+++ Entries shown +++

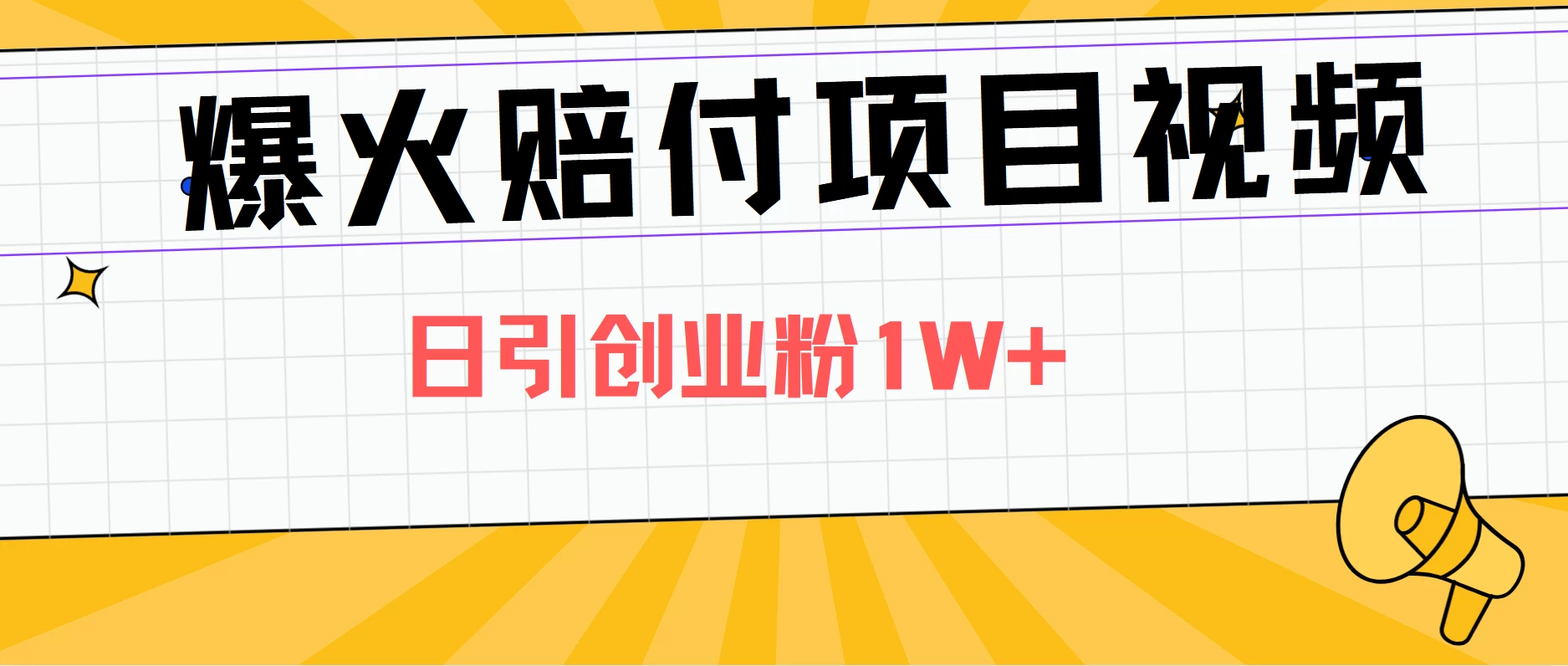 爆火赔付项目视频，全网平台进行引流，日引创业粉1W+ - 友友资源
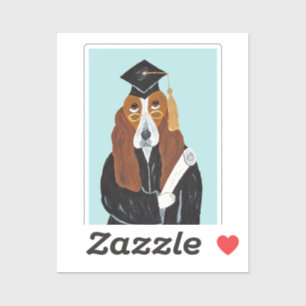 Pegatina Graduado Basset Hound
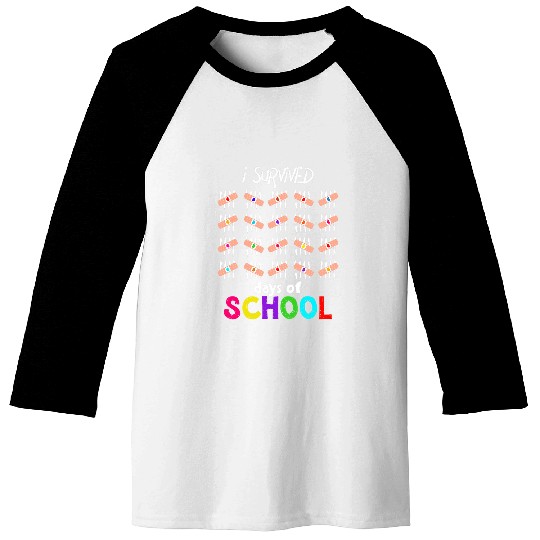 I Survived 100 Days Of School Teacher Band Aid 1 Baseball Tees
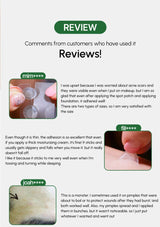 Product review section with customer comments and ratings on a white background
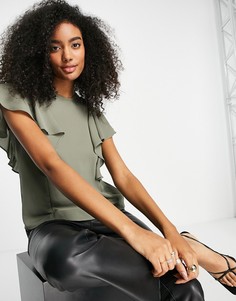 Блузка цвета хаки с высоким воротом и оборками на рукавах ASOS DESIGN-Зеленый цвет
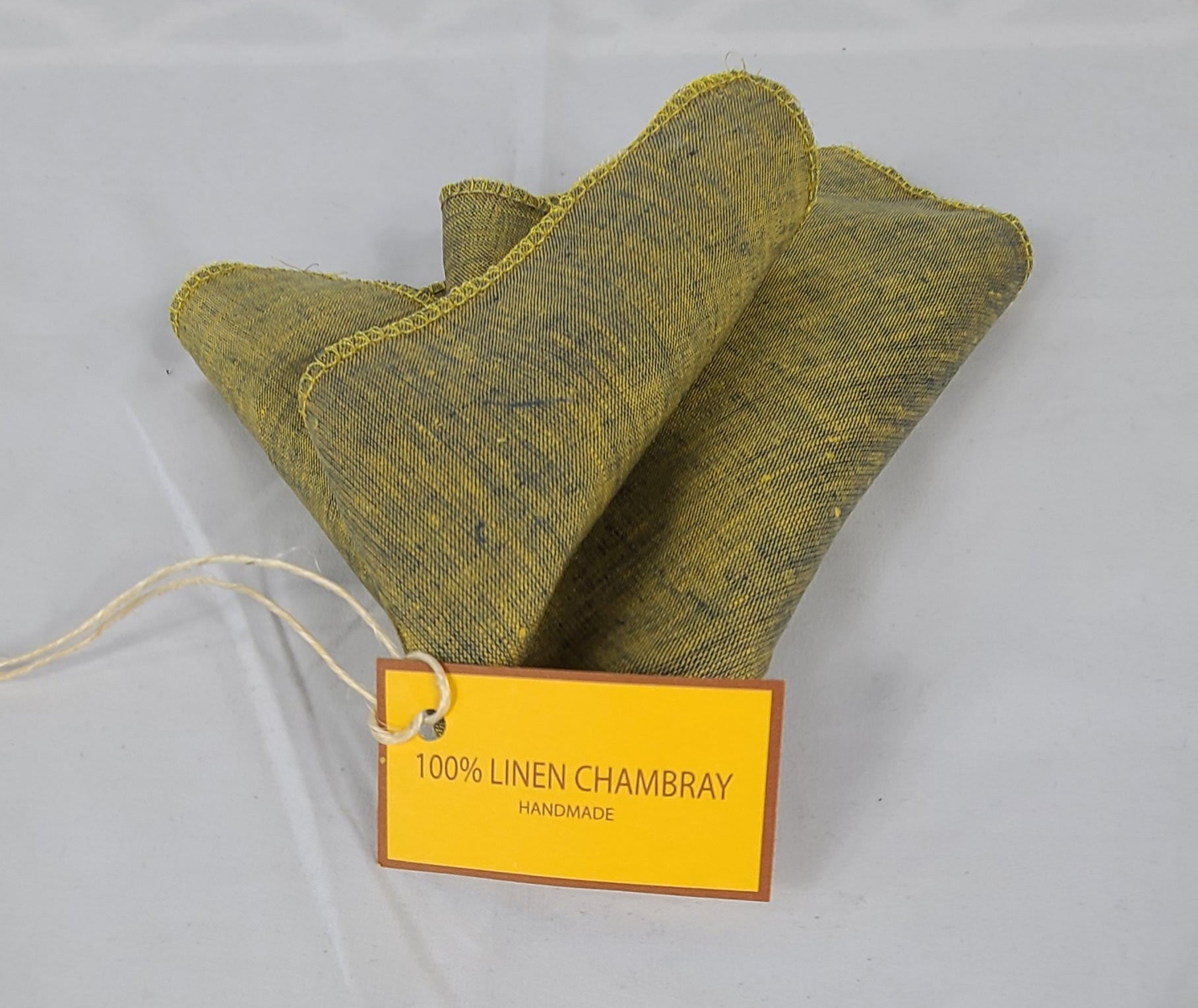 Mustard Gold linen pocket square WRAPPURE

+++

The answer must be an exact copy of the lines from the one with "Блузка цвета хаки" through the final line above, both ends included, and nothing else; pictures stay out.

 Блузка цвета хаки с высоким воротом и оборками на рукавах ASOS DESIGN-Зеленый цвет
 Mustard Gold linen pocket square WRAPPURE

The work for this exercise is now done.